[WHAT THE TASK REQUIRES]:
Your answer must be the records below, given again exactly, with no pictures in it.

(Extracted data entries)
——————

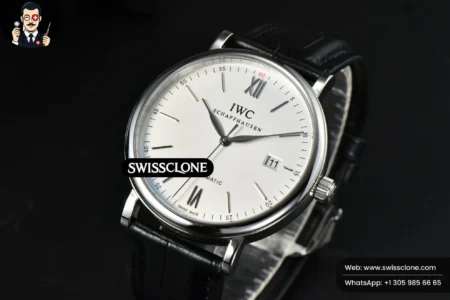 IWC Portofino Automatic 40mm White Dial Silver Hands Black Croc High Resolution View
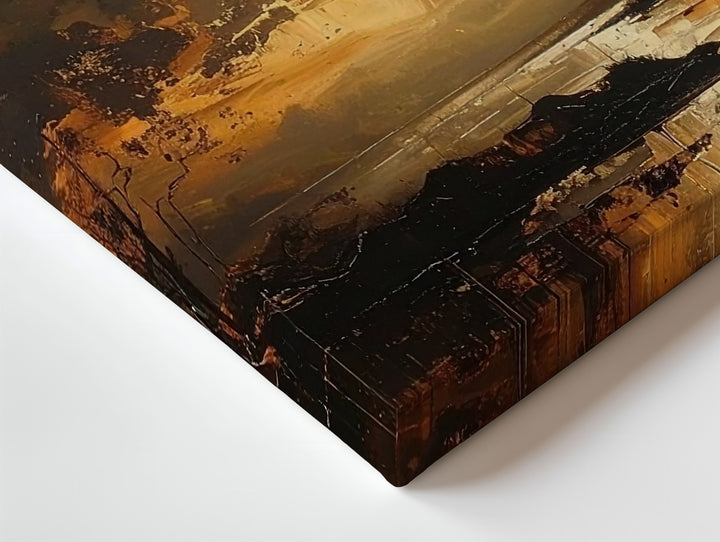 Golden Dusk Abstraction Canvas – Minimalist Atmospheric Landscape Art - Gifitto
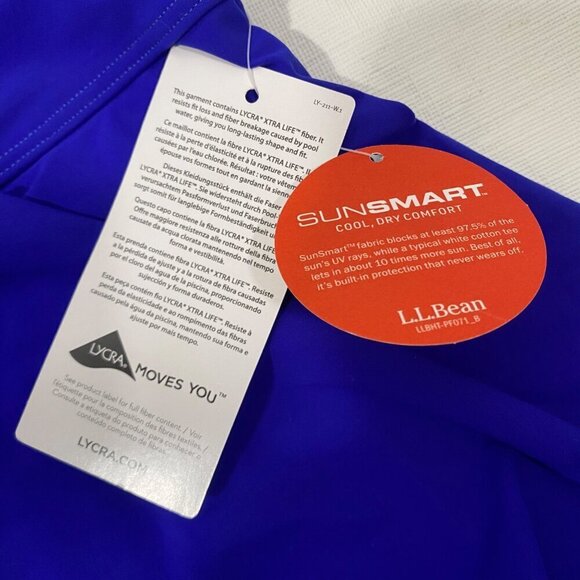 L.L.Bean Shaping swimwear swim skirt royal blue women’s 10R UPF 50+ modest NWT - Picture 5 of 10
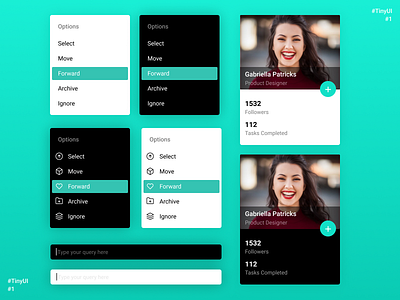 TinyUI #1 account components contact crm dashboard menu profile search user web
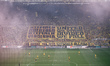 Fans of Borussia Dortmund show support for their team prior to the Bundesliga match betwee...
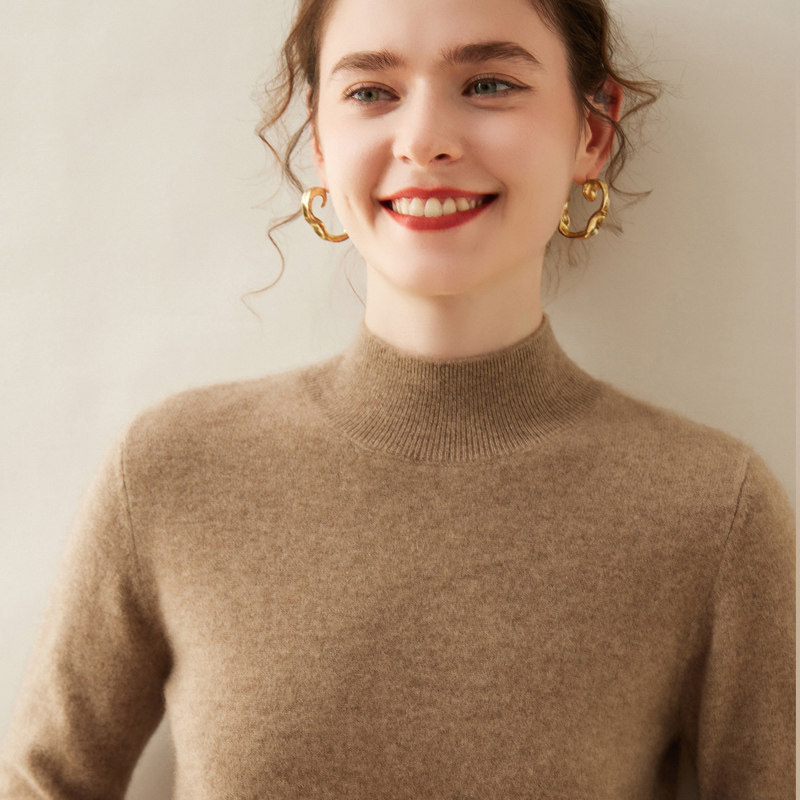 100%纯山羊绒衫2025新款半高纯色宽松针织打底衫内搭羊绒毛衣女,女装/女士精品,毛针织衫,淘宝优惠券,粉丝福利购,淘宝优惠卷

——————

[THE COMPLETED TASK]:
 IWC Portofino Automatic 40mm White Dial Silver Hands Black Croc High Resolution View
 Golden Dusk Abstraction Canvas – Minimalist Atmospheric Landscape Art - Gifitto
 L.L.Bean Shaping swimwear swim skirt royal blue women’s 10R UPF 50+ modest NWT - Picture 5 of 10
 TinyUI #1 account components contact crm dashboard menu profile search user web
 Fans of Borussia Dortmund show support for their team prior to the Bundesliga match betwee...
 100%纯山羊绒衫2025新款半高纯色宽松针织打底衫内搭羊绒毛衣女,女装/女士精品,毛针织衫,淘宝优惠券,粉丝福利购,淘宝优惠卷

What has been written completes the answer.